Dr. Öğr. Üyesi Arslan konuşmasına şu şekilde devam etti: “Sürülen Ahıskalılar konusunda farklı rakamlar vardır. Sovyet resmî rakamlarında 92 bin küsur kişi diyor, Rus tarihçilerden Hazanov’a göre 81 bin kişidir. Bu konuda Rus tarihçilerden en detaylı araştırmaları yapan Nikolay Bugay’a göre de 100 bin civarındadır. Türk araştırmacılara göre 120 bin-125 bin kişidir. Sürgün edilenler Türkistan’ın çeşitli bölgelerine yerleştirildiler; Kazakistan, Kırgızistan, Özbekistan. Sürgün edilen halkların arasında geri dönüş hakkı çok zor şekilde tanınan ve hâlâ uygulamada büyük aksaklıklar olan tek topluluk Ahıskalı Türklerdir.”

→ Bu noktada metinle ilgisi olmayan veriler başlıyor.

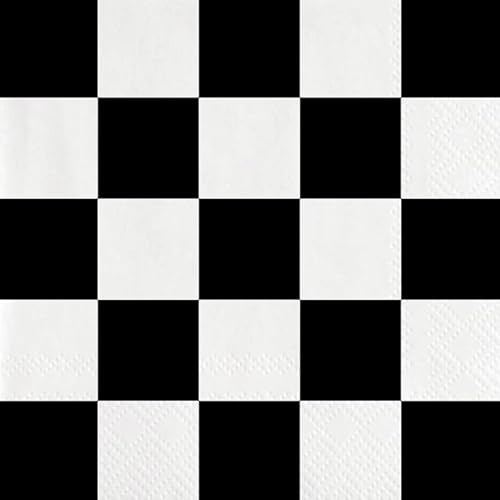 CONVER PARTY Racing Papierservietten, 20 Stück, 33 cm | Partyartikel, Partys, Feiern und Kindergeburtstage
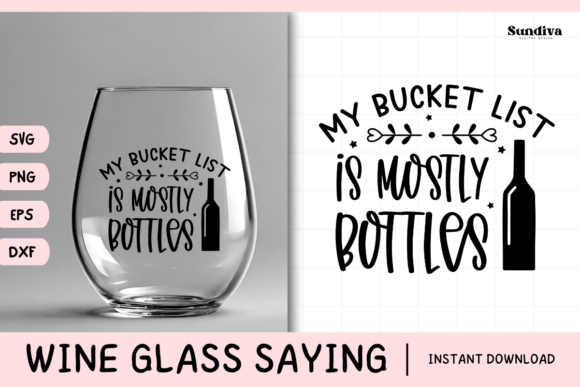 Wine Glass Quote SVG 7: Graphics for Crafts & Joyful Branding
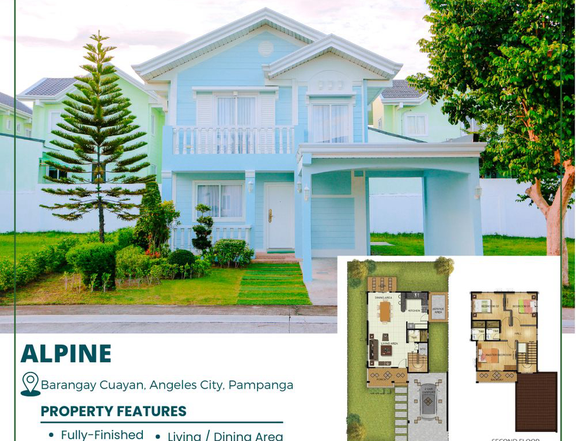 3-Bedroom Alpine Model at Timog Residences in Angeles Pampanga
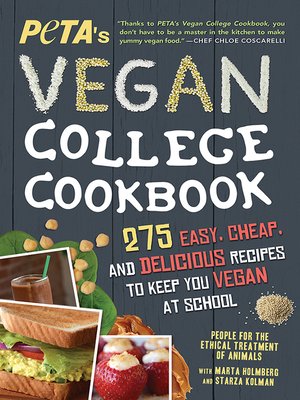 cover image of PETA'S Vegan College Cookbook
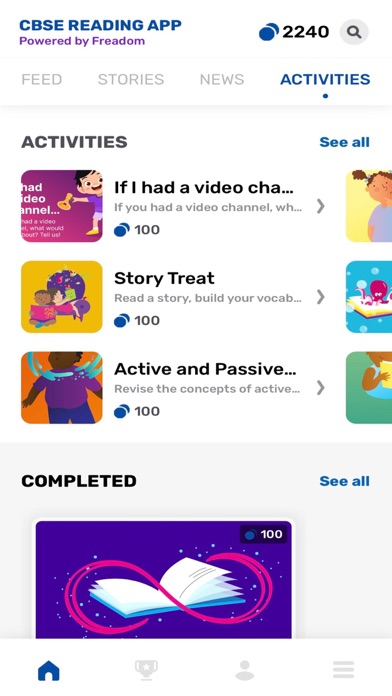 CBSE Reading App by Freadom Screenshot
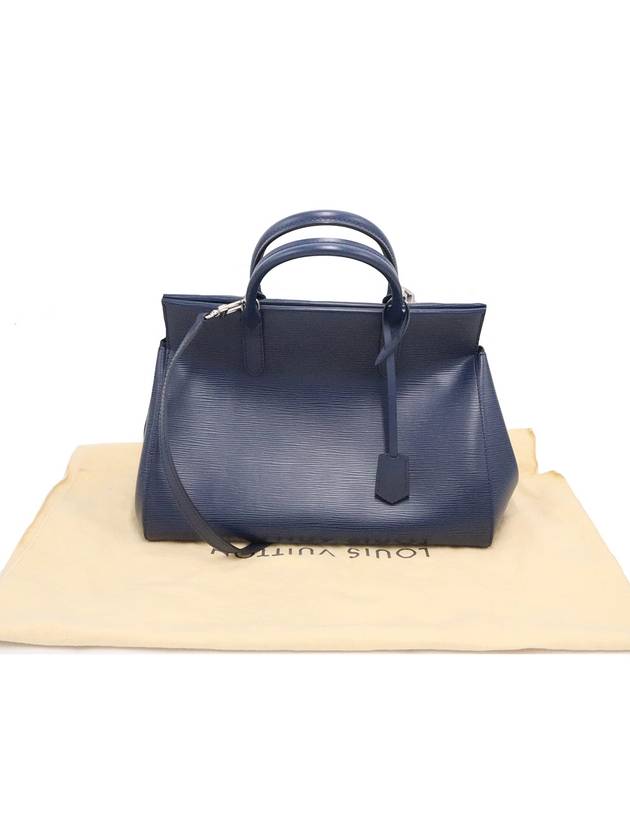 Women s Louis Vuitton M94612 Blue Epi Marley MM 2WAY gt bag Gangbuk used luxury goods - LOUIS VUITTON - BALAAN 3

Dr. Öğr. Üyesi Arslan, “Kasım ayı bizim için her zaman buruk geçer. O günler, her Ahıskalının aklına geliyor. Bu konuları konuşmak bize acı veriyor ama bu acıları dile getirmek lazım ki insanlar yaşanan katliamı, vahşeti görsün, bilsin. Bir daha tekrarlanmaması için elimizden geleni yapalım.” diyerek konuşmasına son verdi.
Panelin oturum başkanı Dr. Öğr. Üyesi Tanrıverdi panele, “Ahıska’ya baktığımızda gerçekten dünyanın belki en mazlum insanlarının yaşadığı bölge. Bir örnek vermek istiyorum. 1894 tarihli bir raporu okumuştum, bir Rus araştırmacının raporu. 1894’te orada köyleri geziyor. Israrla oradakilerin Türk olmadığını anlatmaya çalışıyor. Gürcü kökenli ama Müslüman olmuşlar noktasına getiriyor. Diyor ki ‘Bu Türk yönetiminde bunlar o kadar iyi Türkleştirilmişler ki hiç Gürcüce kelime hatırlamıyorlar.’” sözleri ve “Bu anlamlı oturuma ev sahipliği yapan başta İstanbul Üniversitesi Türkiyat Araştırmaları Enstitüsü müdürü Prof. Dr. Mustafa Balcı’ya ve tüm ekibe teşekkür ediyorum.” şeklindeki tebrikleri ile son verdi.